A majority of companies I have worked with have never run into AWS service limits for Step Functions. However, when a Fortune 1000 company came to Serverless Guru asking us to build a product that would be used for millions of customer transactions per day, I ran the numbers to see what the service limits were like in September 2020 since AWS sometimes improves limits.
AWS Service Limits, officially known as service quotas as of June 2019, can throttle a component of your app. So planning ahead and then monitoring your usage against those limits with a solution like the Limit Monitor and the Service Quotas dashboard in the AWS console is so critical for reliability, that it’s the first question on reliability in the AWS Well-Architected Tool.
TLDR. I go through a few numbers and conclude AWS Lambda (without Step Functions) is a safer bet than Step Functions or Fargate from a service limit perspective when faced with millions of unevenly distributed events per day.
Step Functions Limits, September 2020
In a scenario where nearly a dozen external systems interoperate on an event-driven basis and reliability is essential, AWS Step Functions is appealing for its ability to kick off both Lambda functions and containerized tasks in Fargate and its built-in error-handling tools (such as the Catch field).
But wait, are those choices really all at my disposal when working at the scale of 1 Million events per day that are not evenly distributed over time? Time to check AWS’s service quotas.
Step Functions is engineered for limits of 300 new executions per second in N. Virginia, Oregon, and Ireland and 150 per second in all other regions. So if we scale to 1 Million events per day, that’s 11.57 events per second. But we can’t bank on the events being evenly distributed. A hotspot during the day that’s just a little over an order of magnitude more clustered would fail.
Fargate Limits, September 2020
The following Fargate quotas are all soft limits, and therefore adjustable upon request, but without a hint in the documentation of how adjustable: at a time, you can have 10K clusters/region, 2K services/cluster, and 2K tasks/service. Assuming every event takes a Fargate task 5 seconds to process, and you’ve got 300 events per second during a daily surge, you’d be close to the tasks per service quota and would have to request a quota increase and maybe even eventually create a workaround with multiple services or clusters for the same purpose. So Fargate seems safer than Step Functions from the limits regard.

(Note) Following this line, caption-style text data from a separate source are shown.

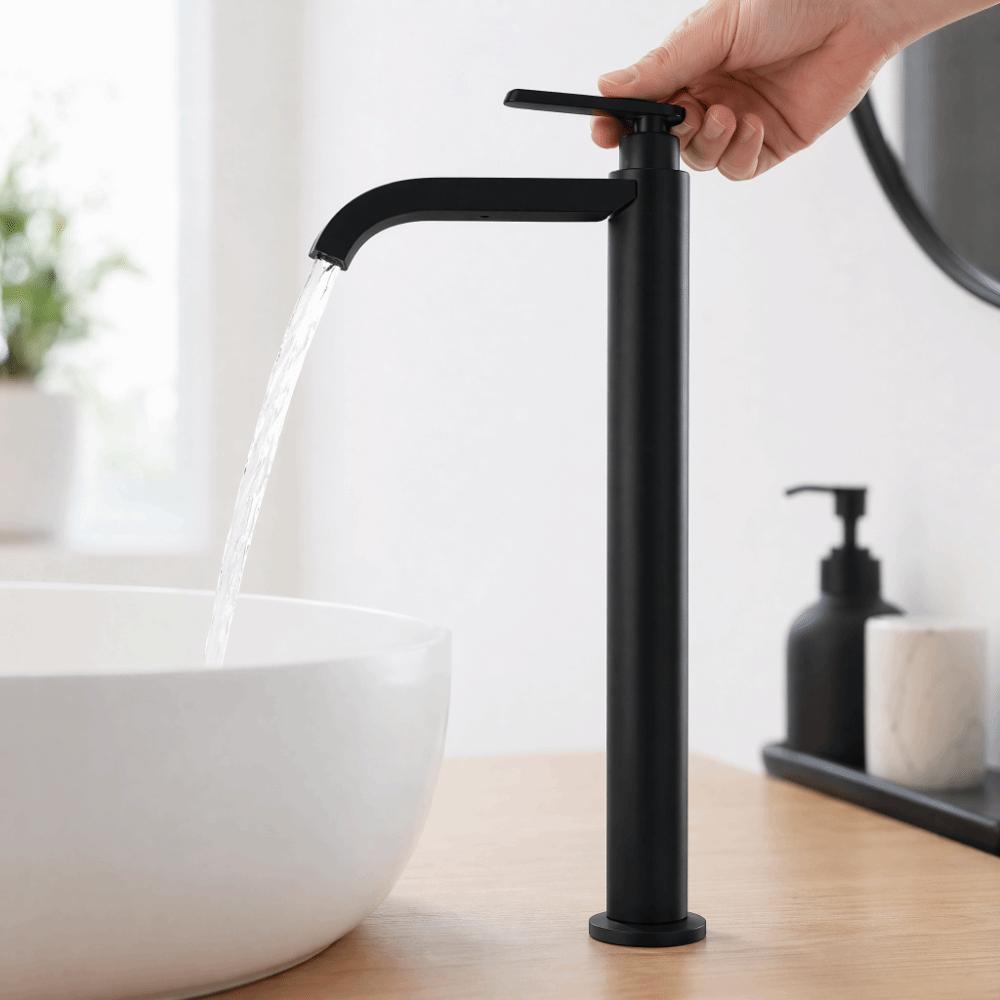 304 Stainless Steel Vessel Sink Faucet Single Cold Water Sink Faucet Modern Tall Basin Tap RV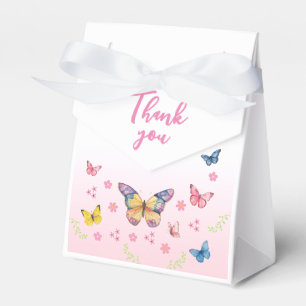 Pink and Whimsical Butterfly Baby Duschbox Geschenkschachtel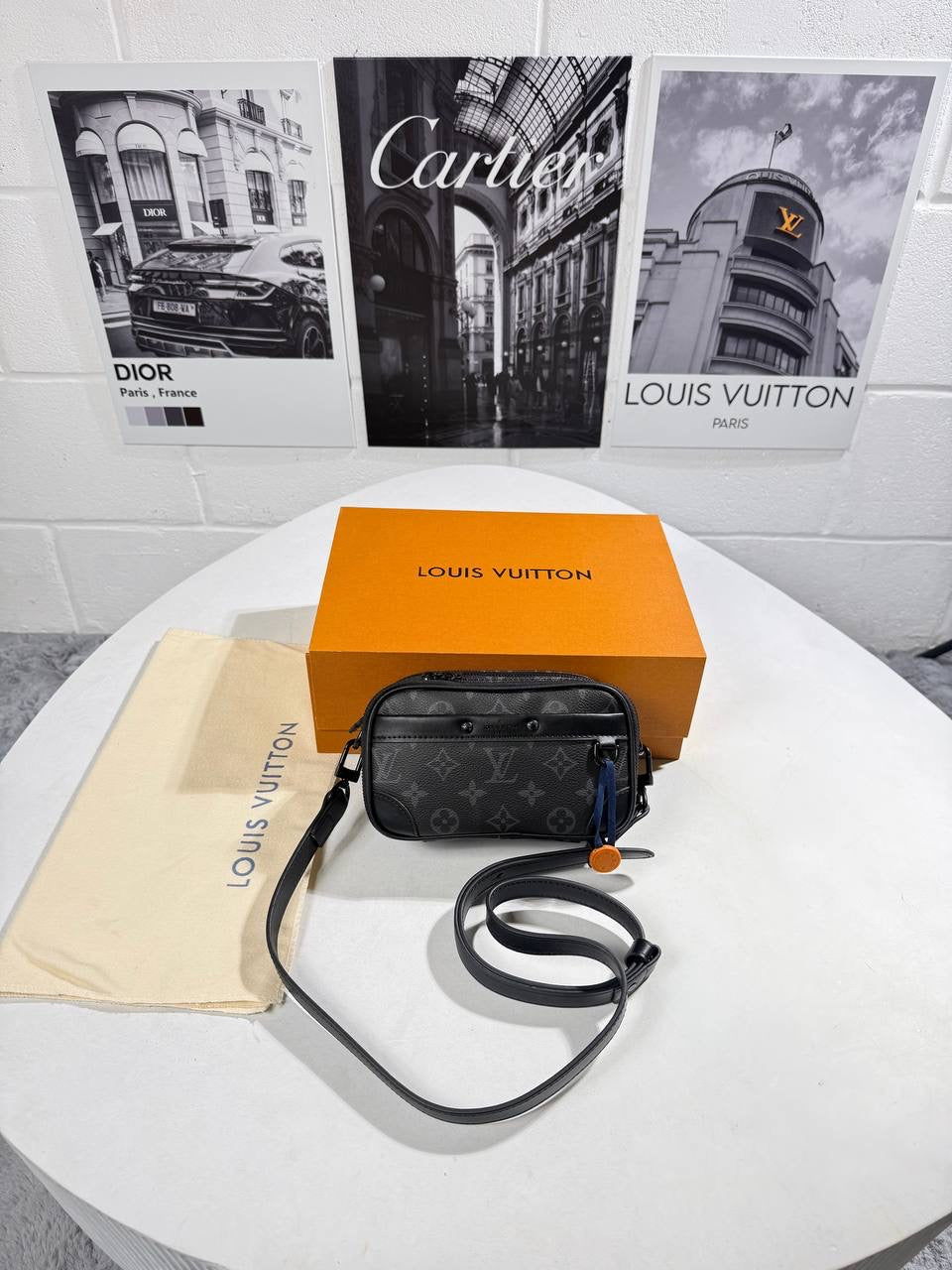 LVE ALPHA MONOGRAM BAG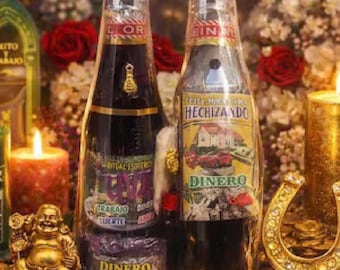 Dinero Road Öffner Ritual Flaschen | Reichtum • Wohlstand • Geldgeschenk 1 Fläschchen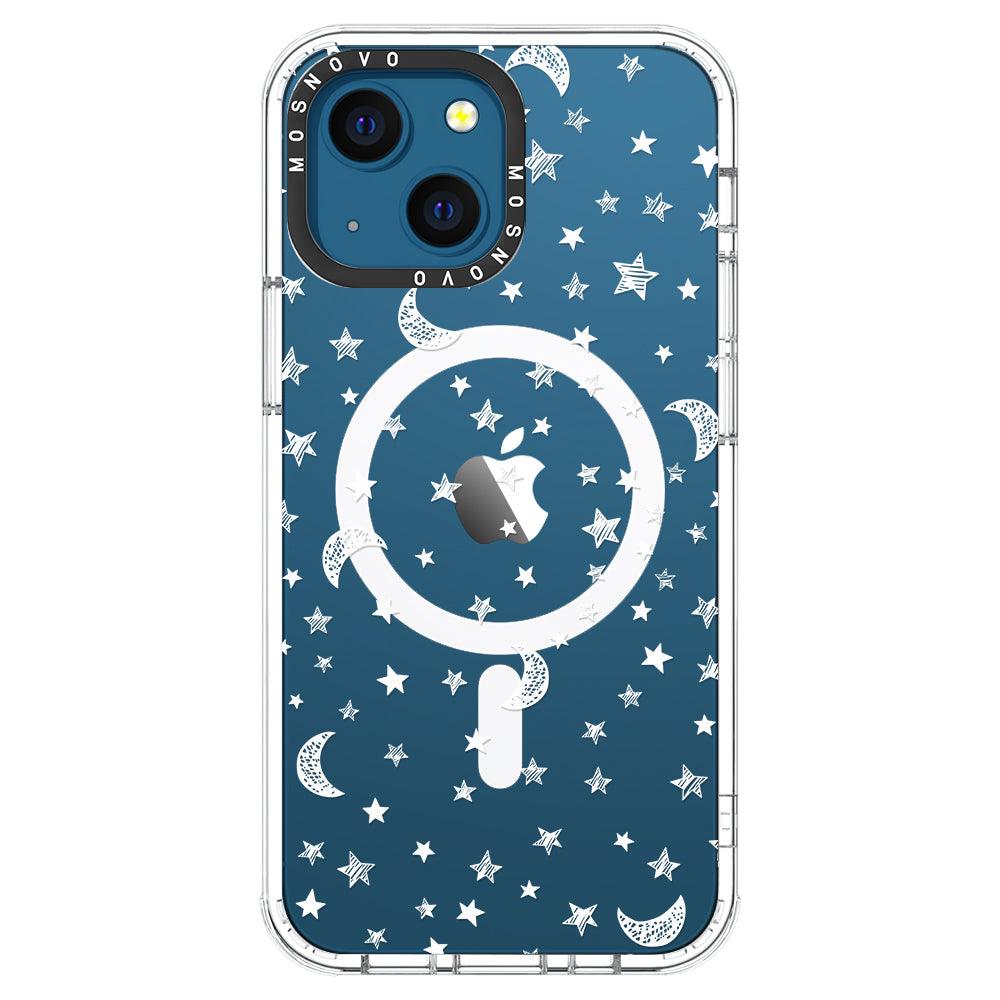Night Moon Sky Phone Case - iPhone 13 Case - MOSNOVO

Lambda Quotas, September 2020
Lambda defaults to a quota of 1000 concurrent executions, but can be increased up to “hundreds of thousands,” which is explicitly called out in the docs. And that’s per Lambda function. If we’ve got an unlikely high spike of 400 requests per second, and each invocation has the function running 5 seconds, then we’d have 20K concurrent executions of the first function in the chain of functions, which is well within the hard limits.
Fun Fact №1: You can request service quota increases from the Service Quotas dashboard. Just type in “Service Quotas” in the Find Services box to get there.
Fun Fact № 2: Consider buying a Compute Savings Plan, esp. when using a high volume of Lambda and/or Fargate usage, to save up to 66%
Fun Fact №3: The limit to invocations requests per second of a Lambda function by AWS services such as SQS and Kinesis is…“unlimited.”
The most conservative bet in terms of massive scale is Lambda. Whatever option you choose, however, just make sure to monitor the service limits by implementing alerts from something like the Service Limit Monitor Solution so that you can request a service limit increase on time. And for reliability, consider all the best practices of the Well-Architected Framework, including queuing and dead-letter queues.